**Record extracts**.
----

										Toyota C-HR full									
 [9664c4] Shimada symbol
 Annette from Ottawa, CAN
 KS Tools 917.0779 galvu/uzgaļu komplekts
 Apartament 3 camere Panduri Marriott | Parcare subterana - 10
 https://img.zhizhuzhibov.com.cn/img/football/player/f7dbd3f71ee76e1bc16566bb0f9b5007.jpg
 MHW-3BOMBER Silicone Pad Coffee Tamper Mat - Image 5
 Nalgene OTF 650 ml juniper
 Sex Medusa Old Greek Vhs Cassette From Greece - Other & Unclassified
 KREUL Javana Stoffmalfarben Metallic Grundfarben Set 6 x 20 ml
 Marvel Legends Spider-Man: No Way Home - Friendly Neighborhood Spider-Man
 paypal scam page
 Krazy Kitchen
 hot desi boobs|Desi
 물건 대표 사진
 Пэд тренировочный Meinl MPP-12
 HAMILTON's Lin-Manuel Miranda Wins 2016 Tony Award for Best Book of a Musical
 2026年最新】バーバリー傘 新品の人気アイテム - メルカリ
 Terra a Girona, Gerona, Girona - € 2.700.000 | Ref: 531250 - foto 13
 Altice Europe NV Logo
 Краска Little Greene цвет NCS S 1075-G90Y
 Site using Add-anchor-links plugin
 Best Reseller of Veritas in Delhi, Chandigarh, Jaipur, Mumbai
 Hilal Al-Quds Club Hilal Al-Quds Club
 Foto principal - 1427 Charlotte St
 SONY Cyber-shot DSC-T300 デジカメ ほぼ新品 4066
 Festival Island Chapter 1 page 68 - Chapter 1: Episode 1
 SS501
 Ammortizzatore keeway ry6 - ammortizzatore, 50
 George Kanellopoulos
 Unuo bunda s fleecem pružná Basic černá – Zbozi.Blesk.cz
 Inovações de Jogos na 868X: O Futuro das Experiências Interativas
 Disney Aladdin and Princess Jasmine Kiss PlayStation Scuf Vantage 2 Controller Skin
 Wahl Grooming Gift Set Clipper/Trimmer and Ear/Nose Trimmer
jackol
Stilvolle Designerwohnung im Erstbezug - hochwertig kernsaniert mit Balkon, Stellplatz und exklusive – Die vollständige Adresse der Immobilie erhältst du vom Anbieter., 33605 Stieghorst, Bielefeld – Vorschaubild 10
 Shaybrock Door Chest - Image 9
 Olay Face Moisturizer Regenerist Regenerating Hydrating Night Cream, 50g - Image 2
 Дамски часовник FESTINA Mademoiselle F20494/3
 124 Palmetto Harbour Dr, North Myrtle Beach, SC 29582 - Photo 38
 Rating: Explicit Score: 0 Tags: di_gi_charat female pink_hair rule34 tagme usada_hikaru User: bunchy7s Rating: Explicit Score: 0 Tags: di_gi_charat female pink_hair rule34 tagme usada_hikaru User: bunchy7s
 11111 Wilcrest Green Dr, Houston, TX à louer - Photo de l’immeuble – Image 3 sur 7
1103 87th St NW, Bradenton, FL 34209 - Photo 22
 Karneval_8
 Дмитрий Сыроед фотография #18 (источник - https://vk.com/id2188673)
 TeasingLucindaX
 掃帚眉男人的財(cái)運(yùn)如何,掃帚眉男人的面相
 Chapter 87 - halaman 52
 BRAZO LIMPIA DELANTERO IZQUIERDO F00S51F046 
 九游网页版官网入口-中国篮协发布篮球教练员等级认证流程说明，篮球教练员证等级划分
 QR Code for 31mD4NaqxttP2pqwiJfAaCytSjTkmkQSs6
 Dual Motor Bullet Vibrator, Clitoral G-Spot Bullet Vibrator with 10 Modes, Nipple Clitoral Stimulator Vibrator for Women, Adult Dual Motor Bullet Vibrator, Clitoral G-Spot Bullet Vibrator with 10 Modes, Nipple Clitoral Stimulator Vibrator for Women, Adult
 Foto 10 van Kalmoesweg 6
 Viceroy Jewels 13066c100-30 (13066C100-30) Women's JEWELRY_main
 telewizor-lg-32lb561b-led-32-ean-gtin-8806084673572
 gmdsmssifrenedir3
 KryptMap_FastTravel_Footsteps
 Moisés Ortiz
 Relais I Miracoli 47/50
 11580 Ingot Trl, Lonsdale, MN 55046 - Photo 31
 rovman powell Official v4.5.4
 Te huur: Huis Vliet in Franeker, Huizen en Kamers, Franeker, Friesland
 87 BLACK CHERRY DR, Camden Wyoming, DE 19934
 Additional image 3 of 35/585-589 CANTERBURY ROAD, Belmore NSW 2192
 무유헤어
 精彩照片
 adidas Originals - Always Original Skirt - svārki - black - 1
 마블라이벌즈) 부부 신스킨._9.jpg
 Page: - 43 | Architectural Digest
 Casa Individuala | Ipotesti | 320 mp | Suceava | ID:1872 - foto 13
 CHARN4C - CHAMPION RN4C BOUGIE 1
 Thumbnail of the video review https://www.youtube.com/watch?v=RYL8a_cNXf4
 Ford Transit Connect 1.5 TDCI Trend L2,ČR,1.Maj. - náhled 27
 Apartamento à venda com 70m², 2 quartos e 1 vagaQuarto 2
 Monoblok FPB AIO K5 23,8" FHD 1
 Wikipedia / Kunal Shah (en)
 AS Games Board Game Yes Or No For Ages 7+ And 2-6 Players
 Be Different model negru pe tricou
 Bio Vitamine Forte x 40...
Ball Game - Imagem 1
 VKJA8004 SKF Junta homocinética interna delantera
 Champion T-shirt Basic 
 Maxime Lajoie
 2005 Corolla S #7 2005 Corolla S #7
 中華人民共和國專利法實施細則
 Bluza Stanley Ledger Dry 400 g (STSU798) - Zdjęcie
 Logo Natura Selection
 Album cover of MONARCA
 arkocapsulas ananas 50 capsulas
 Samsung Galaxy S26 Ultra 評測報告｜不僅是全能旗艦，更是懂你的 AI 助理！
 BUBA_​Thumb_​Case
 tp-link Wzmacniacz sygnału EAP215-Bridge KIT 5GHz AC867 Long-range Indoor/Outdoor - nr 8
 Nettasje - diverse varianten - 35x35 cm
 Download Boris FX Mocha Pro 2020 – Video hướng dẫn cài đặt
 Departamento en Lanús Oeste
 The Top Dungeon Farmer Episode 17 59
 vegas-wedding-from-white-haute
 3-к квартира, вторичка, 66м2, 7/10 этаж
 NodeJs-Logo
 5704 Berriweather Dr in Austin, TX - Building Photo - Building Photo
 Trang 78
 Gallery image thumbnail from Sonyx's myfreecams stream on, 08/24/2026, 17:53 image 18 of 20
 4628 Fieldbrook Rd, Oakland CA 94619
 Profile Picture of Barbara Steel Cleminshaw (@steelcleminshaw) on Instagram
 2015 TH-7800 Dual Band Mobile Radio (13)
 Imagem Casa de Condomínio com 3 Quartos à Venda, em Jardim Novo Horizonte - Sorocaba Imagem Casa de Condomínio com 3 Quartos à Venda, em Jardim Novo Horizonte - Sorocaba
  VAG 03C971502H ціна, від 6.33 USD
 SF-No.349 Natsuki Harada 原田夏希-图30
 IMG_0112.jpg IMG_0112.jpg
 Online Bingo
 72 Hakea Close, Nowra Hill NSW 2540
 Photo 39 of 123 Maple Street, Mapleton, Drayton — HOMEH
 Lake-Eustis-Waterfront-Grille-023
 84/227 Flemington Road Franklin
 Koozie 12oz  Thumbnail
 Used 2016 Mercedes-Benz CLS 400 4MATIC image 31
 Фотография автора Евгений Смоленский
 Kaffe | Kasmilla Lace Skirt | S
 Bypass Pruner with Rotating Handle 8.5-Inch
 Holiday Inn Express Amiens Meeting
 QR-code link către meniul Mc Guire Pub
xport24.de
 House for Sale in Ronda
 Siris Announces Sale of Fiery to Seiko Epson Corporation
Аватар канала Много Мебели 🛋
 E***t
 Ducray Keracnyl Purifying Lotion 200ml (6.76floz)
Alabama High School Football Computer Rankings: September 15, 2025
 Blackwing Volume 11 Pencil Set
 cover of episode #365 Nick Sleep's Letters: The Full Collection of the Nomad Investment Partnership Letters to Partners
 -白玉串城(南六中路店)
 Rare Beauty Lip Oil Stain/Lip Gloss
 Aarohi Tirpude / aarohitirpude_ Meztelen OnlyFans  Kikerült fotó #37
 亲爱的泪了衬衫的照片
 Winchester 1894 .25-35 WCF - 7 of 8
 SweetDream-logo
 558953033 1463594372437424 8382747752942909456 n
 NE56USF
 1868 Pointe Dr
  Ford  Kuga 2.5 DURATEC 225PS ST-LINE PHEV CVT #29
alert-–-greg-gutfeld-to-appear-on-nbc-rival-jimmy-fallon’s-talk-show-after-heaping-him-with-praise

----

Using the records above, restate word for word the lines from the one with "Rare Beauty Lip Oil Stain/Lip Gloss" through the one with "PHEV CVT #29", both included.

 Rare Beauty Lip Oil Stain/Lip Gloss
 Aarohi Tirpude / aarohitirpude_ Meztelen OnlyFans  Kikerült fotó #37
 亲爱的泪了衬衫的照片
 Winchester 1894 .25-35 WCF - 7 of 8
 SweetDream-logo
 558953033 1463594372437424 8382747752942909456 n
 NE56USF
 1868 Pointe Dr
  Ford  Kuga 2.5 DURATEC 225PS ST-LINE PHEV CVT #29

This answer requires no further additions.